Trump tweeted on Tuesday that unless senators had a "death wish," they better vote fast on $2,000 checks. This is a time to remember that McConnell literally wrote a memoir that was titled "The Long Game." McConnell isn't focused on the next five days or even the final weeks of Trump's presidency. He's thinking about his majority and his legacy far beyond that. Right now, leadership aides tell me that the thinking is that it may be enough for both Sens. David Perdue and Kelly Loeffler in Georgia to campaign on the fact that they support $2,000 checks. They don't necessarily need to have demonstrated they voted on it. Caving to a President, who had a negotiator in the room who agreed to $600 checks and is bullying members into voting "yes" on something that goes against the tenets of fiscal conservatism that they built their careers on -- that's not exactly McConnell's style.
Republican opposition to larger checks
At the end of the day, a lot of Republicans are still very uncomfortable with the idea of $2,000 checks for people who made less than $75,000. Even if they did support the direct payments in some capacity, they aren't comfortable with the House-passed bill. Sen. John Cornyn, a Texas Republican in leadership, told reporters Tuesday that he doesn't want the money to be "manna from heaven" for those who have been employed this whole time. He argued that if they did vote for bigger checks, they'd need to be far more targeted to people who have been out of work. That view is shared among a lot of members. Yes, a handful of Republicans senators have been on the record saying they'd vote for $2,000 checks. But note that none of them has said explicitly they would vote for the House bill.

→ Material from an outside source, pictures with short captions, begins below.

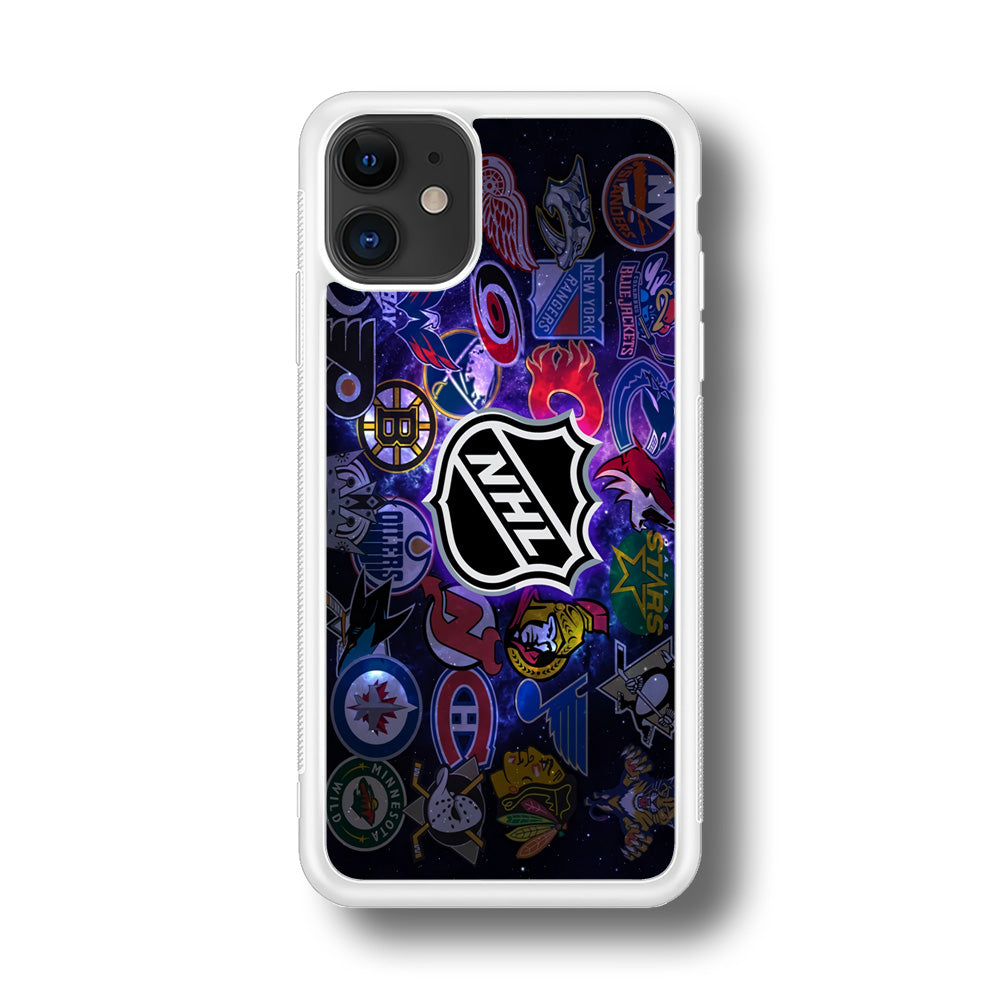 Hockey Teams NHL 002 iPhone 11 Case-Phone Case-Rubber White (2D Case)-Altracase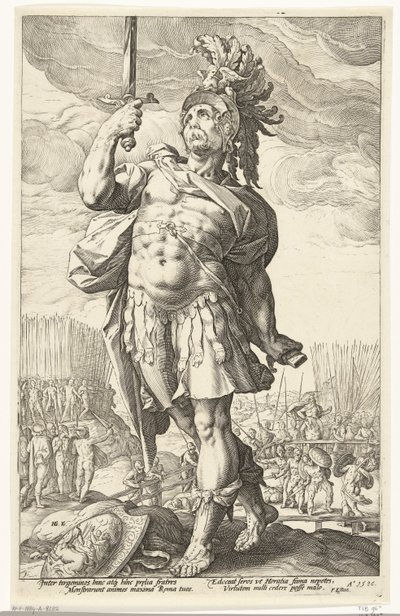 Publius Horatius De Romeinse holden (dizi adı) by Hendrick Goltzius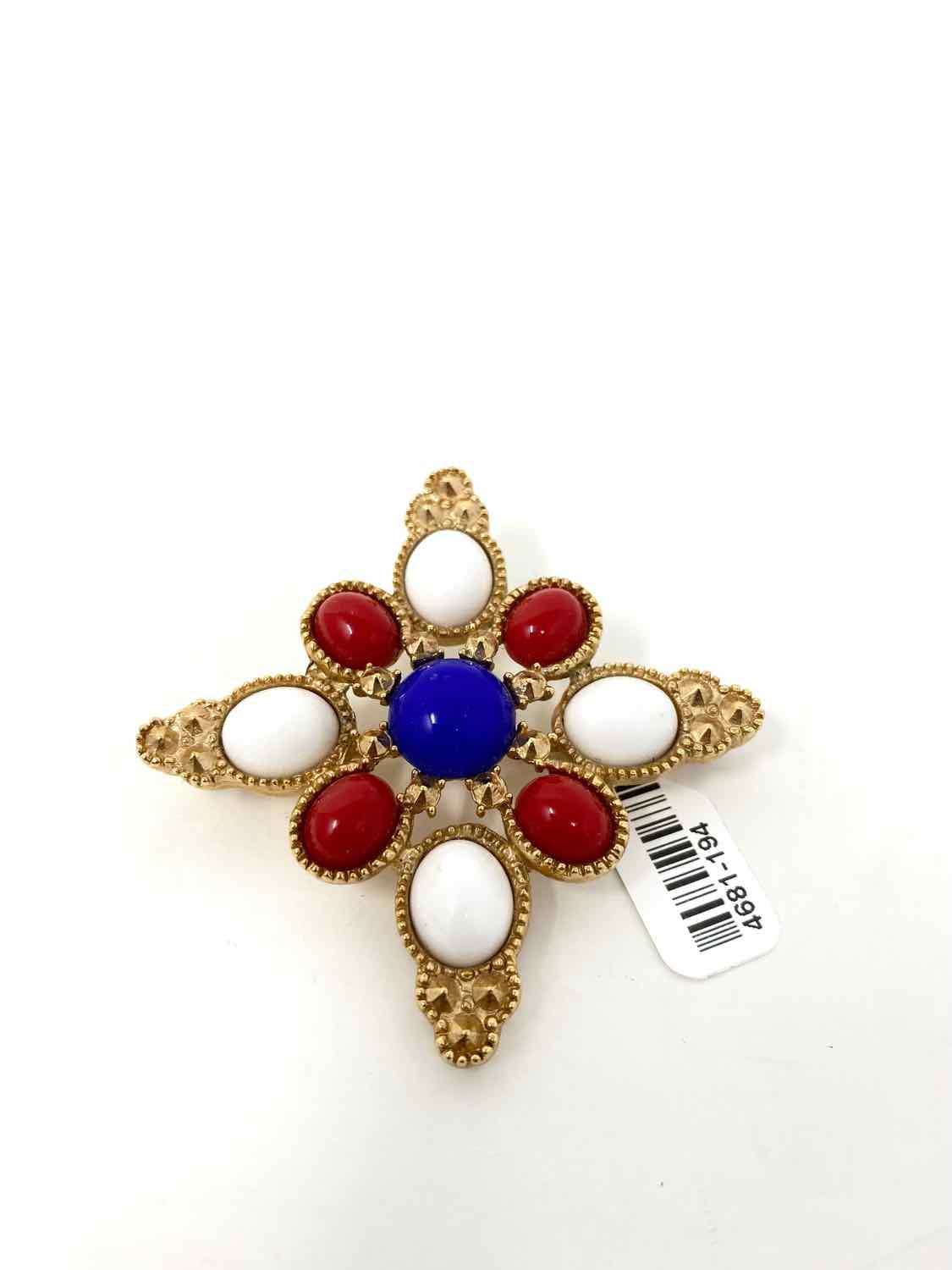 SARAH COVENTRY Red/White/Blue Brooch - Article Consignment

"This is all funny money, borrowed money at this point. And that's another consideration, I mean being just ridiculously frivolous about the way we spend money and rack up debt. I think people are willing to do what we need to do when they feel like it's meeting a need, and it's an emergency, which we've already done and will probably continue to do. But this is just, I think, opportunistic on the part of the House," Cornyn said. "They think now they've got, they've got an issue. Unfortunately, it seems to be drowning out all the other good stuff we've done -- $4 trillion worth of relief for the public health and for the economy including these same people."
Let's never rule anything out. Dynamics change. If something from polling in Georgia begins to shift to the point that McConnell feels like he needs to give Perdue and Loeffler a vote, he will. And he now has one on the calendar he can bring up. Cornyn summed it up best when asked if he thought checks would happen: "I've given up making predictions around here. I didn't think I'd be here today, either. So, I don't know. I don't know the answer."
In the meantime: There is still at least one objection to moving to a final vote to override the National Defense Authorization Act. Vermont Sen. Bernie Sanders has shown no willingness to back off of his demands for a guarantee that there would be a vote on the checks. At this point, senators will return for a procedural vote Wednesday evening at 5 p.m. ET. That vote is simply procedural. A final vote to override could stretch into Saturday if Sanders continues to hold it up. Eventually, it will pass. It's just a matter of how long this takes.